Looks like it is leaking in some case https://github.com/microsoft/snmalloc/actions/runs/6279469686/job/17055222812?pr=637#step:7:149
Looks like it is leaking in some case https://github.com/microsoft/snmalloc/actions/runs/6279469686/job/17055222812?pr=637#step:7:149
Whoops; I had the loop termination conditions wrong. They're fixed now, I think. Let's see if CI agrees.
After discussions with @mjp41 yesterday, I've introduced a notion of "tweakable obfuscation" and have made all the intra-slab free lists' backwards signatures use the address of the slab metadata as the "tweak". The next step would be to remove the per-thread keys and have everyone use a common global key (probably not RemoteAllocator::key_global!) and apply the same tweaking. This opens the door to sending threads being able to build up segments of slab free lists that can be spliced in by the recipient in O(1) rather than O(n).
I've (at long last) got things flying end to end with a very simple "cache" on the sending side -- a single open ring -- but I think some review and investigation is a good idea. Here's what mimalloc-bench makes of the current state of things in terms of time
and memory
We should:
- figure out how to make the caching layer optional, which probably just means some more
std::conditional_tuse. - get someone with chops to assess the "tweaked obfuscation" changes.
- offer to randomize deallocator cache construction order (Matt writes: "as we are building a ring, we can add to the start or the end, so perhaps we could at least build an unpredictable order in the ring")

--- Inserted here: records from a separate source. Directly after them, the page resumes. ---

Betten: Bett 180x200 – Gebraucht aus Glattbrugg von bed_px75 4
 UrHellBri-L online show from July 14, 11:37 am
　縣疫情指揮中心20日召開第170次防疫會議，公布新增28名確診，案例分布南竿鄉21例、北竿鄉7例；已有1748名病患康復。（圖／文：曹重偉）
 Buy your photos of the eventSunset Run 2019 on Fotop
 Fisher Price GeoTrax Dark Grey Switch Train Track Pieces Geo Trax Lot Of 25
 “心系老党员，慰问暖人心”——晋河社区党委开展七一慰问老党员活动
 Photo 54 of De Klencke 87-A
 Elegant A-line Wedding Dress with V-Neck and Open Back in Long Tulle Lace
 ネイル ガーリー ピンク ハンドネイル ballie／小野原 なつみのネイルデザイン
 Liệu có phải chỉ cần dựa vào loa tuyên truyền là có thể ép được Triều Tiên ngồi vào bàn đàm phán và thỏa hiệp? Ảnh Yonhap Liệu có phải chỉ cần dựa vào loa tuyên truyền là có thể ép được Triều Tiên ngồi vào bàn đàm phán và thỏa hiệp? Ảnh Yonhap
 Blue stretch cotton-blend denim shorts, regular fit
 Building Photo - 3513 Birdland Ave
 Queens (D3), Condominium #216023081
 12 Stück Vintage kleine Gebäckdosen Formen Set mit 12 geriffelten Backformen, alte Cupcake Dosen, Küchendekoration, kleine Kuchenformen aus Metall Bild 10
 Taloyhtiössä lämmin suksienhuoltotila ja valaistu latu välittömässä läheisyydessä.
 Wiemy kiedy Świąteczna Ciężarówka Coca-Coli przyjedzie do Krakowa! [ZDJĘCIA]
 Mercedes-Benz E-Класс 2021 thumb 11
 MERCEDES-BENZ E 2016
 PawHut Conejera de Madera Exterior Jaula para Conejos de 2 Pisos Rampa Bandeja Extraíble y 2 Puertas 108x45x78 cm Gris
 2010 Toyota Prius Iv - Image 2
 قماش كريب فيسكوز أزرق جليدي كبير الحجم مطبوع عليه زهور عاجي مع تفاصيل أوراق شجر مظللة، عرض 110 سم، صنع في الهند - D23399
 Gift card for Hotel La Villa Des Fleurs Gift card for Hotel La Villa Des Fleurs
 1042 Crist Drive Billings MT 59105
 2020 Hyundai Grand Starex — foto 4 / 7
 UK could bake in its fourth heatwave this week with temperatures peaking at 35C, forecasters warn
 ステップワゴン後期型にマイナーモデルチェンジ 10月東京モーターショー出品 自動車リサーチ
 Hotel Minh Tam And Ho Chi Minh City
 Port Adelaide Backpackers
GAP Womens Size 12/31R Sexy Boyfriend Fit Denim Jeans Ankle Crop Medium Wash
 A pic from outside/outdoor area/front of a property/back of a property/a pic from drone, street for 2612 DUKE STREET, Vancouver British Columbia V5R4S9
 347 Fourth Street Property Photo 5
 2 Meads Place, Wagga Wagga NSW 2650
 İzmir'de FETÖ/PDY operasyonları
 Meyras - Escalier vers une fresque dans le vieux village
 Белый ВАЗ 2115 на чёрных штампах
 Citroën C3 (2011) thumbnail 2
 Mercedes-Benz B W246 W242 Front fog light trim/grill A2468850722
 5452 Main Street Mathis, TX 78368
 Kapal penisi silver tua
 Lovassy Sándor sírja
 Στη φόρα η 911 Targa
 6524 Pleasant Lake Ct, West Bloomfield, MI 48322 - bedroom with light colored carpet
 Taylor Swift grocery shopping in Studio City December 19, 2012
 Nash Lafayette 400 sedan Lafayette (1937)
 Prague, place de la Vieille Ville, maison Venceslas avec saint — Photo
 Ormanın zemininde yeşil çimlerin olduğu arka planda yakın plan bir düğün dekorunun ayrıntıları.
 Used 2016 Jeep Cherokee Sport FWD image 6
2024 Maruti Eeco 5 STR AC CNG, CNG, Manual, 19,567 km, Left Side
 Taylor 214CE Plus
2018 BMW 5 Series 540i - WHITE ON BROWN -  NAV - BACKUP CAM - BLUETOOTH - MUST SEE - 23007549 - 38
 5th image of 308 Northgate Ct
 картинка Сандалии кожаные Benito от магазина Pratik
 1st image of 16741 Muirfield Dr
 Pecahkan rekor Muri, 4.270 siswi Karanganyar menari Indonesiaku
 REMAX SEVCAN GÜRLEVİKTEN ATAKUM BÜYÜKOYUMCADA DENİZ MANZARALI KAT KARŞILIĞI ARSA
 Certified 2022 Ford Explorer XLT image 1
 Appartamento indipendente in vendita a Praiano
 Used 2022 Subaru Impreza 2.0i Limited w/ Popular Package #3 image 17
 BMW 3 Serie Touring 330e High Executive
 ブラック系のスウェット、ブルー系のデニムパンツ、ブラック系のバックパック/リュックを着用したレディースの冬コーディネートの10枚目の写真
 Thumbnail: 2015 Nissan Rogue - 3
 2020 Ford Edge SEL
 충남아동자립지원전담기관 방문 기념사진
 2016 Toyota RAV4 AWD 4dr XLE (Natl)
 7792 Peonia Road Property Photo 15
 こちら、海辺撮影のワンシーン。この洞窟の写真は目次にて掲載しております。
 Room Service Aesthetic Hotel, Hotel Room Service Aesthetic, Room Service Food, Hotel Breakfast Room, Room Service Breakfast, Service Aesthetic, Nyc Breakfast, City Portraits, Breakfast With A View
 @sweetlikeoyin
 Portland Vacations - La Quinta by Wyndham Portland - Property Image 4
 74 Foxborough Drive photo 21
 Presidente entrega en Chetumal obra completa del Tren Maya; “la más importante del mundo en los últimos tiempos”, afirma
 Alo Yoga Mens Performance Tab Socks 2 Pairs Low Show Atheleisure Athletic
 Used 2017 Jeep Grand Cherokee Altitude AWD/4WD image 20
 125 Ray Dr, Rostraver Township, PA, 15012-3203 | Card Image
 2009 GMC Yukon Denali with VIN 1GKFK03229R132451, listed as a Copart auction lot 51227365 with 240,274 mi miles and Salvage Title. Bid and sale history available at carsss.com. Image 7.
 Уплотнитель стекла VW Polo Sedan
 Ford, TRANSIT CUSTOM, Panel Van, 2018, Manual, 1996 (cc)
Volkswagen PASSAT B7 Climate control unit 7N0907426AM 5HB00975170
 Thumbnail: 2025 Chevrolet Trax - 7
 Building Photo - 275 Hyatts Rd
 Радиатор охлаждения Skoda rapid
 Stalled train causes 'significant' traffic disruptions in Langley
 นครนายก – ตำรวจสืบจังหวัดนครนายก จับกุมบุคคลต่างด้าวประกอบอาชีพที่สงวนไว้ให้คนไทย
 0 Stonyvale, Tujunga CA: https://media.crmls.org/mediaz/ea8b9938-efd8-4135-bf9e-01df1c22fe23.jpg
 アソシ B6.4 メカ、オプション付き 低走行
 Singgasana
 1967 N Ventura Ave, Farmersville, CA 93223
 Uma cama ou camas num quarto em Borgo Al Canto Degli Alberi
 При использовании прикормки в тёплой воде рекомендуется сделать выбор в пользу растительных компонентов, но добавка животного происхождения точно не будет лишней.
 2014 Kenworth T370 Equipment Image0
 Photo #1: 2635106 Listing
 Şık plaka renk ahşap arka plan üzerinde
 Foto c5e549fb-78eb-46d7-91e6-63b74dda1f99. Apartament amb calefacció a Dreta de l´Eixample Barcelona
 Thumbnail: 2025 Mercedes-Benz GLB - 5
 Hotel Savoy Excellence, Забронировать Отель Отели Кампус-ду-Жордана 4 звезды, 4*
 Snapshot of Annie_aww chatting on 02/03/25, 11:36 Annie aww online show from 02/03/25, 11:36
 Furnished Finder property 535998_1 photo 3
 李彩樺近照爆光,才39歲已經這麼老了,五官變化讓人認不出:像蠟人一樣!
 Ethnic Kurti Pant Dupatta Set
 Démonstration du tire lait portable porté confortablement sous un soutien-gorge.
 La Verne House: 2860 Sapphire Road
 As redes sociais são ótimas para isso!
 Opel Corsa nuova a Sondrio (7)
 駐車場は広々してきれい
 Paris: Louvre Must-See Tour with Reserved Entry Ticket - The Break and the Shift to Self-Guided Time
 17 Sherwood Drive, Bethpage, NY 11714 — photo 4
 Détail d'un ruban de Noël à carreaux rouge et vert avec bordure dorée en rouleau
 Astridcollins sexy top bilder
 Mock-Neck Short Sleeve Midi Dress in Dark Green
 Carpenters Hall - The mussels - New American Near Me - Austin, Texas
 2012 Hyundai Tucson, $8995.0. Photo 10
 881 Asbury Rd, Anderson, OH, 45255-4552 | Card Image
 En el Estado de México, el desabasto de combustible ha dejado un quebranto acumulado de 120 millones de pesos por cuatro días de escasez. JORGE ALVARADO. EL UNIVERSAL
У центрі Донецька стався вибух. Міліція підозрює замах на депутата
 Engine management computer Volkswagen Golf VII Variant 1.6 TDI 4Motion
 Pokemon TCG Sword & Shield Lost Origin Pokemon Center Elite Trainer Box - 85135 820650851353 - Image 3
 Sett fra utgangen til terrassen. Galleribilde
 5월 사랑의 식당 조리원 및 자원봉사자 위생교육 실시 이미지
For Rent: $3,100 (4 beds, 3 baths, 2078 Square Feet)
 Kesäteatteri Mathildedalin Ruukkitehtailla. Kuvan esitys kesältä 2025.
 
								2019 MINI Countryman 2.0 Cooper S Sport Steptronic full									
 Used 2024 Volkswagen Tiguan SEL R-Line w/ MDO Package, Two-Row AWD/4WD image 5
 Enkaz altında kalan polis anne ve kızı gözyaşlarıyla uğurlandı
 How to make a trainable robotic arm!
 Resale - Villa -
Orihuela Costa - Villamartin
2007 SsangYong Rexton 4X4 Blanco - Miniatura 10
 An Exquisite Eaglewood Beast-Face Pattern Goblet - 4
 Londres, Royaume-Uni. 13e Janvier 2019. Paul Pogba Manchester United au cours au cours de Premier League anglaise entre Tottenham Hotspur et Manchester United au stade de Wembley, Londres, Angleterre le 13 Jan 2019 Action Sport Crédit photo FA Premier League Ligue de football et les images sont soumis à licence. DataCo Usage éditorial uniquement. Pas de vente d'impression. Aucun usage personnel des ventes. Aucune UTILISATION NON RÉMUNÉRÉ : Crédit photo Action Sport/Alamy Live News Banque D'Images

- offer probabilistic premature eviction from the deallocator caches to further thwart attempts to control free-list order
Two things to address:
- Randomisation - this might break some of the randomisation, can we use the ways to build multiple queues for the same slab.
- Can we disable this feature as feature flag and constexpr/conditional_t, so we can analyse performance more in the future.
Just rebasing after #659 landed. Todo-s remain to be addressed.
And the novelty of [[no_unique_address]] continues to sting. Hm.
Start addressing to-dos, specifically being able to turn BatchIt off: rewrite history to have always had a RemoteDeallocCacheBatching structure that encapsulates the client-side logic. We can pair this with the current RemoteMessage structure, then add parallel non-batching implementations of the client-side logic and the RemoteMessage internals.
OK, well, apparently MAX_CAPACITY_BITS needs to be at least 17 - 4 = 13, were it to be universal: 64-bit cross-builds under qemu use a MIN_CHUNK_SIZE of 17 and a smallest sizeclass of 16 bytes.
But that breaks all the 32-bit builds, because MAX_SMALL_SIZECLASS_BITS is 16 and MIN_OBJECT_COUNT is sometimes 13, and 16 + ceil(log_2(13)) + 13 is 33.
I'm not sure why some other Windows builds are still broken.